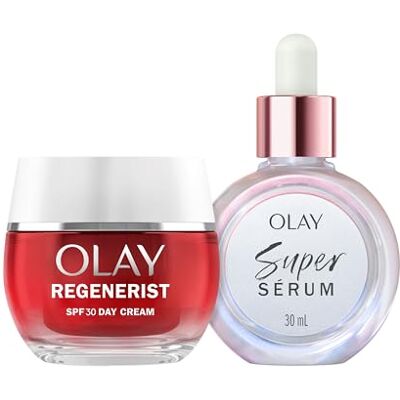 Procter & Gamble Olay Regenerist Crema Facial de Día SPF30 50ml y Súper Sérum 5 Beneficios en 1 14ml, Pack de 2 Unidades Hidratantes, Piel Más Firme Y Radiante Procter & Gamble Olay Regenerist Crema Facial de Día SPF30 50ml y Súper Sérum 5 Beneficios en 1 14ml, Pack de 2 Unidades Hidratantes, Piel Más Firme Y Radiante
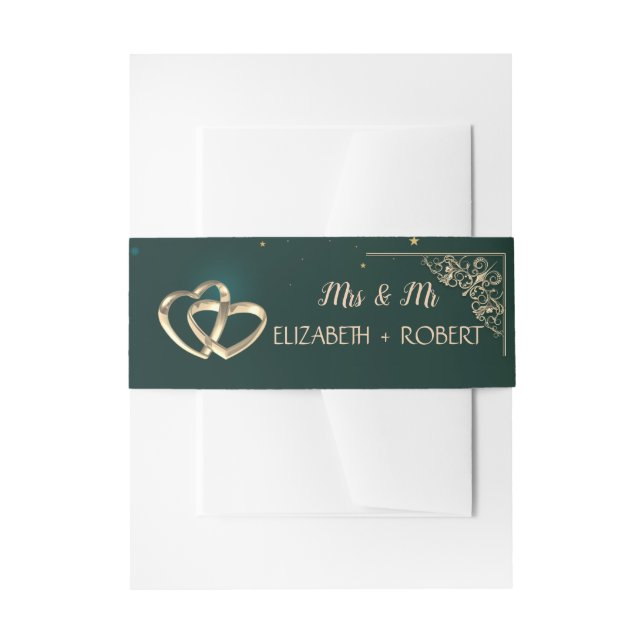 Elegant Gold Hearts Frame Green Invitation Belly Band (Front Example)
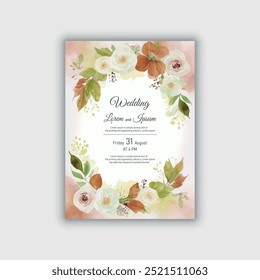 Vector hand drawn floral wedding invitation card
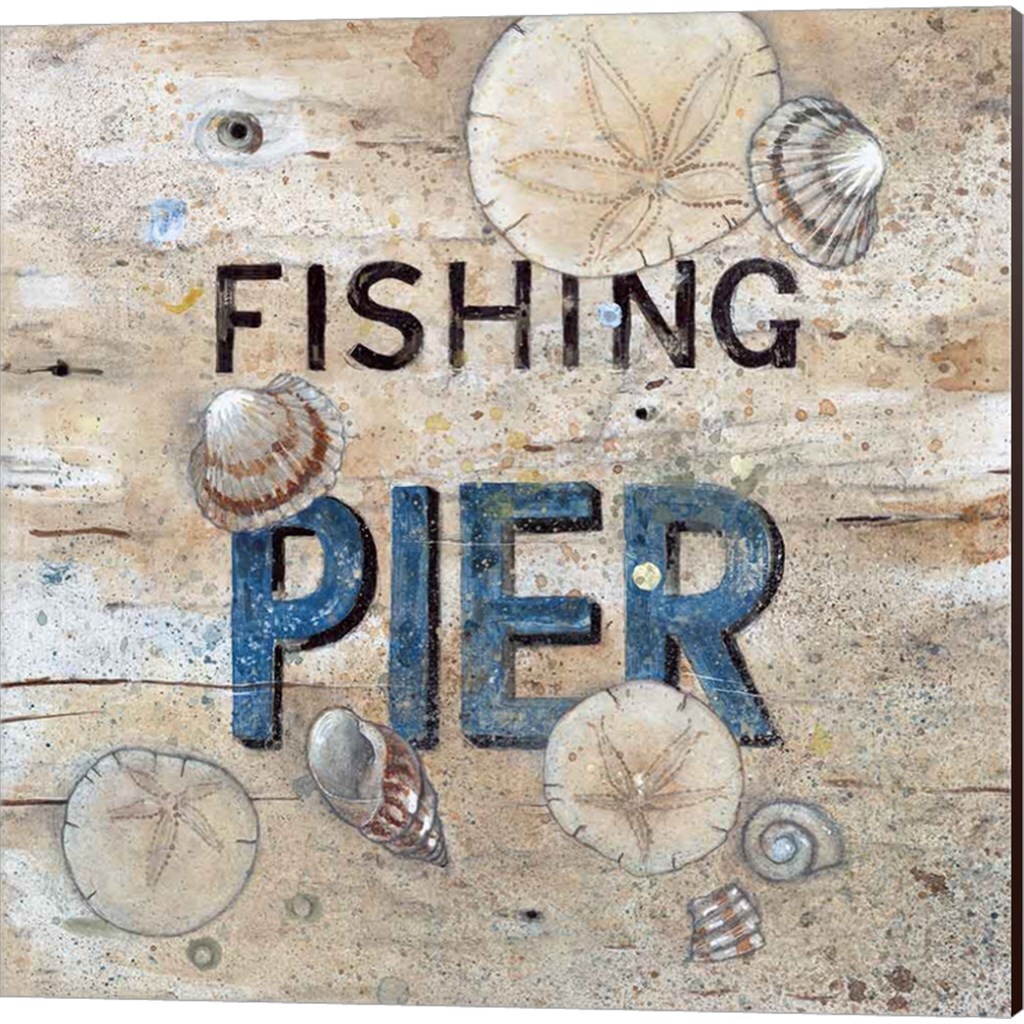 Fishing Pier & Surf Shop by Arnie Fisk 14" x 14" Canvas Wall Art (Set of 2)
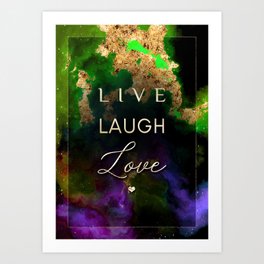 Live Laugh Love Rainbow Gold Quote Motivational Art Art Print
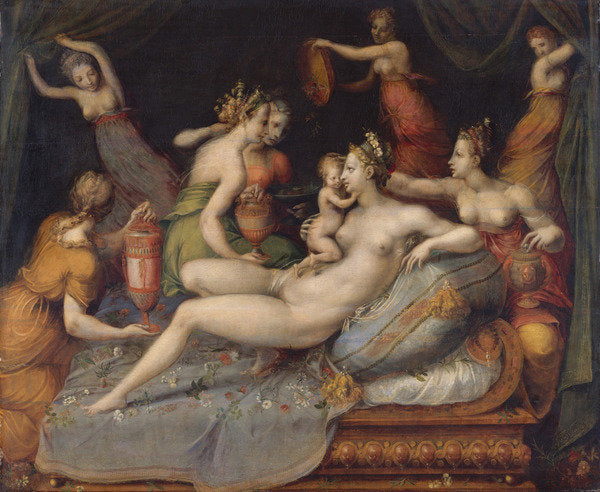 Detail of The Birth of Cupid by Master of Flora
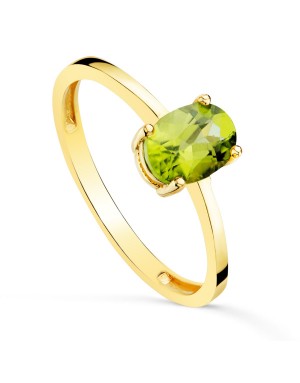 18K SORTIJA ORO AMARILLO GARRAS PIEDRA OLIVINA 7 X 5MM ANCHO CUERPO 2MM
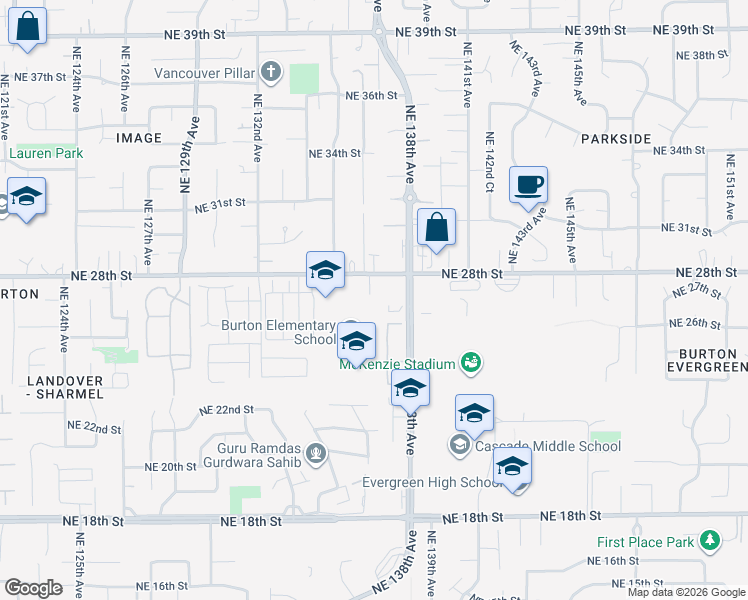 map of restaurants, bars, coffee shops, grocery stores, and more near 2614 Northeast 138th Avenue in Vancouver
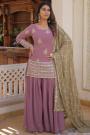 Lilac Georgette Embroidered Sharara Kurta Set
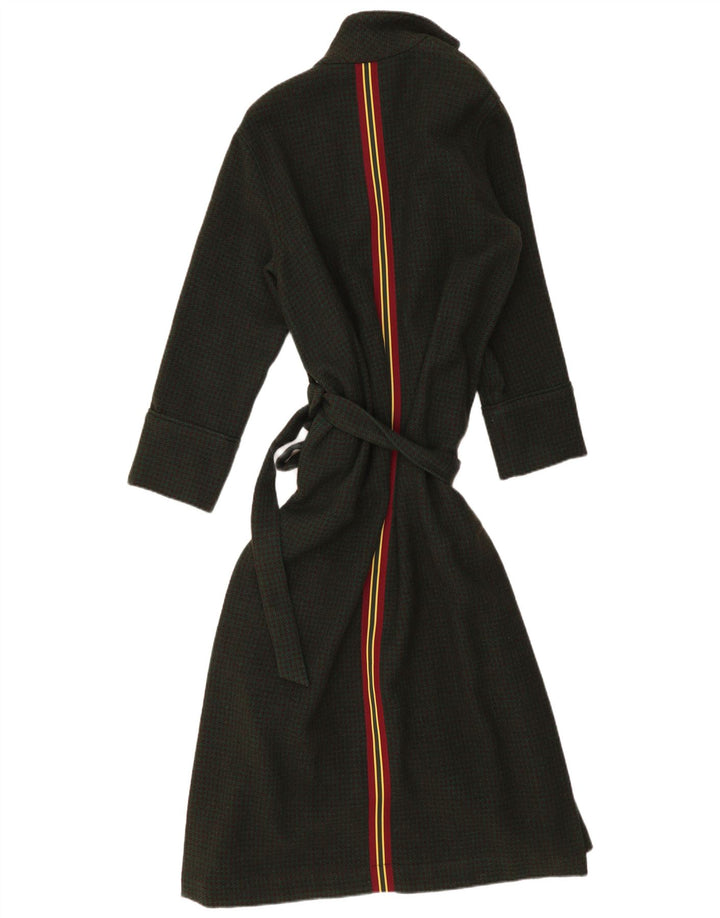 BELLEROSE Womens Robe Overcoat US 2 XS Khaki Houndstooth Wool
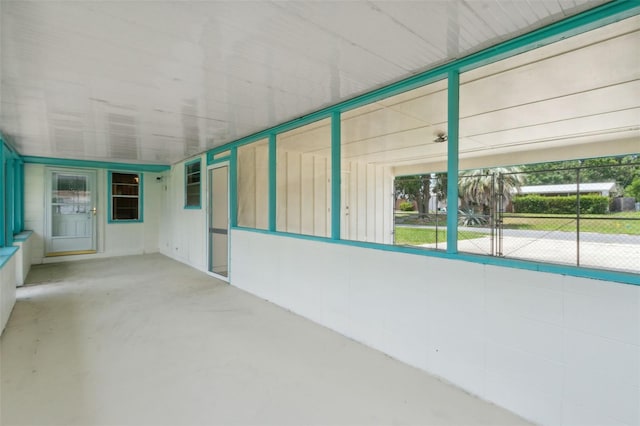 view of unfurnished sunroom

_TASK GOAL_.
The records above are to be copied exactly, with no pictures carried over.

_SOLVED PROBLEM_.
 Procter & Gamble Olay Regenerist Crema Facial de Día SPF30 50ml y Súper Sérum 5 Beneficios en 1 14ml, Pack de 2 Unidades Hidratantes, Piel Más Firme Y Radiante Procter & Gamble Olay Regenerist Crema Facial de Día SPF30 50ml y Súper Sérum 5 Beneficios en 1 14ml, Pack de 2 Unidades Hidratantes, Piel Más Firme Y Radiante
 Elegant Gold Hearts Frame Green Invitation Belly Band (Front Example)
 Vector hand drawn floral wedding invitation card
 Fishing Pier & Surf Shop by Arnie Fisk 14" x 14" Canvas Wall Art (Set of 2)
 Live Laugh Love Rainbow Gold Quote Motivational Art Art Print
 Detail of The Birth of Cupid by Master of Flora
 18K SORTIJA ORO AMARILLO GARRAS PIEDRA OLIVINA 7 X 5MM ANCHO CUERPO 2MM
 map of restaurants, bars, coffee shops, grocery stores, and more near 2614 Northeast 138th Avenue in Vancouver
 Lilac Georgette Embroidered Sharara Kurta Set
 BELLEROSE Womens Robe Overcoat US 2 XS Khaki Houndstooth Wool
 view of unfurnished sunroom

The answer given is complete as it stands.